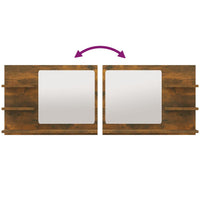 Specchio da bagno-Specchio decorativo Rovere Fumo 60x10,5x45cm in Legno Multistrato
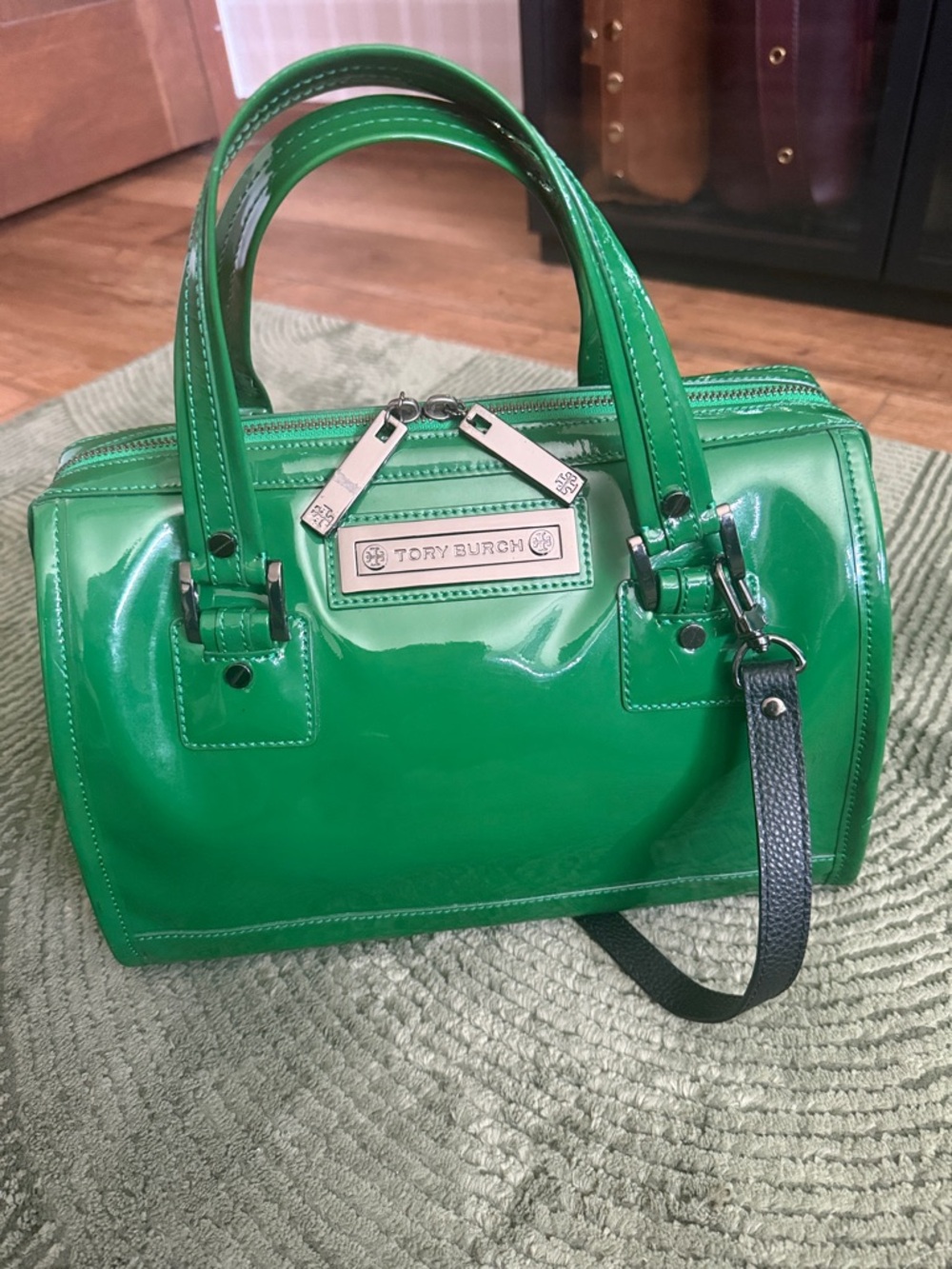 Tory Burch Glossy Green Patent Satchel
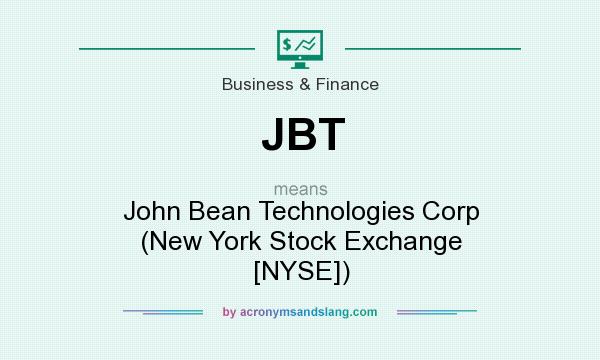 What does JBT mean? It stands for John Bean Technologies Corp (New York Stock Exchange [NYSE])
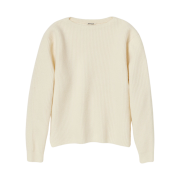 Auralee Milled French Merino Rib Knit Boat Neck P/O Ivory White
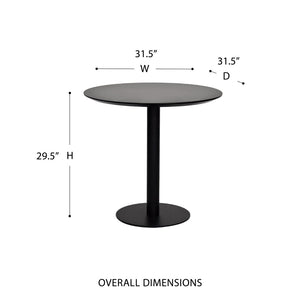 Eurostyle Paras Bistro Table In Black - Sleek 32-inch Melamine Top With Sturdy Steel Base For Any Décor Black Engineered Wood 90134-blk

# WHAT IS NEEDED:
Pictures aside, reproduce all of the material above without alteration.

# COMPLETED TASK:
 Specchio da bagno-Specchio decorativo Rovere Fumo 60x10,5x45cm in Legno Multistrato
 Tory Burch Glossy Green Patent Satchel
 What does JBT mean? It stands for John Bean Technologies Corp (New York Stock Exchange [NYSE])
 Auralee Milled French Merino Rib Knit Boat Neck P/O Ivory White
 Eurostyle Paras Bistro Table In Black - Sleek 32-inch Melamine Top With Sturdy Steel Base For Any Décor Black Engineered Wood 90134-blk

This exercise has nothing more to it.